Die übergangsweise Verletzung von EU-Grundfreiheiten

Eine über­gangs­wei­se An­wen­dung mit­glied­staat­li­cher, die Grund­frei­hei­ten ver­let­zen­der Vor­schrif­ten kommt nur in Be­tracht, so­weit das Uni­ons­recht selbst eine sol­che An­wen­dung zu­lässt.

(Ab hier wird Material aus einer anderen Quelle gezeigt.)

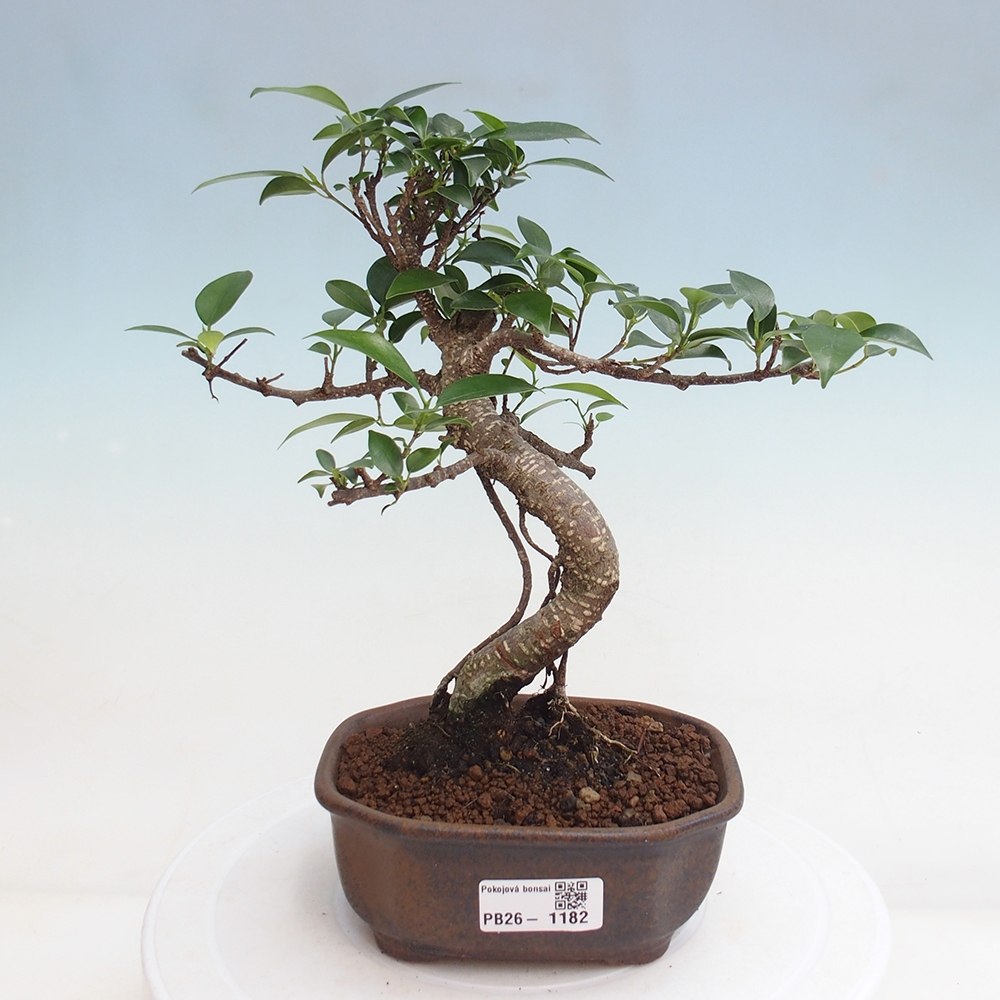 Pokojová bonsai - Ficus retusa -  malolistý fíkus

Die übergangsweise Verletzung von EU-Grundfreiheiten

Die Frage, ob der Anwendungsvorrang der Grundfreiheiten mit innerstaatlich bindender Wirkung auch für die bundesverfassungsgerichtlich zugestandene Übergangszeit bejaht werden durfte, ist nach Ansicht des Bundesverwaltungsgerichts auf der Grundlage der bisherigen unions- und bundesverfassungsgerichtlichen Rechtsprechung ohne Weiteres zu bejahen:

Als primärrechtliche Gewährleistungen binden die Grundfreiheiten die Mitgliedstaaten der Union im definierten persönlichen und sachlichen Anwendungsbereich unmittelbar, und zwar auch außerhalb der bereits durch sekundäres Unionsrecht harmonisierten Regelungsbereiche. Ihr Anwendungsvorrang schließt eine Anwendung grundfreiheitswidriger Regelungen prinzipiell aus1. Eine übergangsweise Anwendung mitgliedstaatlicher, die Grundfreiheiten verletzender Vorschriften kommt daher nur in Betracht, soweit das Unionsrecht selbst eine solche Anwendung zulässt, etwa aus zwingenden Erwägungen der Rechtssicherheit, die der Gerichtshof im Fall des Sportwettenmonopols verneint hat2. Diese Rechtsprechung hält sich im Rahmen seiner unionsrechtlichen Kompetenzen und ist auch nicht mit verfassungsrechtlichen Erwägungen in Zweifel zu ziehen.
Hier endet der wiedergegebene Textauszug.